Crônicas, reportagens e entrevistas.

2001Crônicas

Tipo faceiro

Lembra de quando chamavam pasta de dente de “dentifrício” e computador,  de “cérebro eletrônico” ? Carro era “automóvel”; laxante, “purgante”; toca-discos, “vitrola”; TV, “televisor”; rádio, jornal e televisão viraram “mídia”; pão com carne moída, agora, é “hambúrguer” e o queijo, “cheese”, às vezes só “X”. Sapato esporte é “mocassin” e chinelo, “meu Rider”. O frango frito, coitado, teve seu tempo de “passarinho” e logo se tornou “chicken in”. Moderno é chamar congelador de “freezer”, calça rancheira de “jeans” e abrigo de “jogging”. A dona-de-casa ia à loja Coteninga comprar uma “fazenda” — poucos falavam “tecido”.

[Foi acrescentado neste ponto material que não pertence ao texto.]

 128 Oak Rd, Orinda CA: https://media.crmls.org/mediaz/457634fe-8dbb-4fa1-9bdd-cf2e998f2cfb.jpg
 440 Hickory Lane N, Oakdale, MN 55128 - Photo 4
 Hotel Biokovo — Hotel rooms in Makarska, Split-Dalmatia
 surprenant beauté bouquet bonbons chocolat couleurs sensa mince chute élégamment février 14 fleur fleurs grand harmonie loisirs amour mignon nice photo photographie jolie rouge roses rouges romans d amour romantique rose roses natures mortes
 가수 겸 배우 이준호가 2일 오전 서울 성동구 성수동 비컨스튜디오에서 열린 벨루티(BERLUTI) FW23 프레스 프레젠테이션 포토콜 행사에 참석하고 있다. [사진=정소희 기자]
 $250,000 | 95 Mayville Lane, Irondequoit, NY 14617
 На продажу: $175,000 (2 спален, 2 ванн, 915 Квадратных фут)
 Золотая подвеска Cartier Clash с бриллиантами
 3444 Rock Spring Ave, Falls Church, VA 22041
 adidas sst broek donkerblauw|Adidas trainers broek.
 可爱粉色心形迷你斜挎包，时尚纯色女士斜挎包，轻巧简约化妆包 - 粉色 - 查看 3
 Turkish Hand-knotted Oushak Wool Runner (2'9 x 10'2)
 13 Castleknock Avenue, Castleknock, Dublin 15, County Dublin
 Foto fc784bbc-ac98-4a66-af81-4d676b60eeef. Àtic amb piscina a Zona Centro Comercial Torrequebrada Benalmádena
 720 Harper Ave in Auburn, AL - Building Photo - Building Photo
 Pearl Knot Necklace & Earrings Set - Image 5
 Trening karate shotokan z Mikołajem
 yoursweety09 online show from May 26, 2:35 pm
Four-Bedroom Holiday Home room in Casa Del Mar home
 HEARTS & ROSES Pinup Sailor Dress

Imagine se hoje, a Renault anunciasse assim seu modelo 1997: “Andando à vontade tanto nas cidades como nas más estradas, ele é o utensílio em que se tem confiança. Com este automóvel infatigável, V. S. viverá sem apoquentações” (!!!). Mas era assim que a montadora francesa lançava seu sedan 1952… Carro, minha gente, era utensílio !

Veja este anúncio da loção de barba Aqua Velva: “Elas preferem os homens bem apessoados. Cavalheiros de distinção em todo o mundo dizem que Aqua Velva ajuda a proteger o rosto, conservando os óleos naturais da pele. Por isso, as mulheres admiram o homem que a usa. Você gostará também do seu distinto aroma e revigorante frescor”.

Você, que tem carro, um dia já foi chamado de “automobilista” num anúncio da Esso de 1955: “Produzida para oferecer a qualquer carro uma nova vida; carros antigos funcionarão como novos e carros novos funcionarão como nunca, porque Esso Extra Força Total é a mais poderosa gasolina premium no país… A primeira em vendas entre os automobilistas que sabem quanto valem seu automóvel”.

Olha a Champion vendendo pulseira de relógio: “As pessoas de gosto exigente escolhem suas pulseiras de relógio com o mesmo escrúpulo com que escolhem o relógio”.

A General Eletric, a GE do Thomas Edison, que fabrica lâmpadas, faz hidrelétricas, turbinas, dizem que agora vai fabricar fogões, anunciava para quem quisesse comprar, “locomotivas elétricas”. Assim: “Gente e riquezas do Brasil estão usufruindo as vantagens de um transporte mais rápido e seguro fornecido pelas modernas locomotivas da Paulista e da Central do Brasil. A GE, fornecendo essas locomotivas, orgulha-se de estar contribuindo para a diminuição das distâncias entre os Estados e para a maior circulação da riqueza nacional.” Aí, vieram as rodovias pressionadas pelas montadoras e o trem partiu para sempre.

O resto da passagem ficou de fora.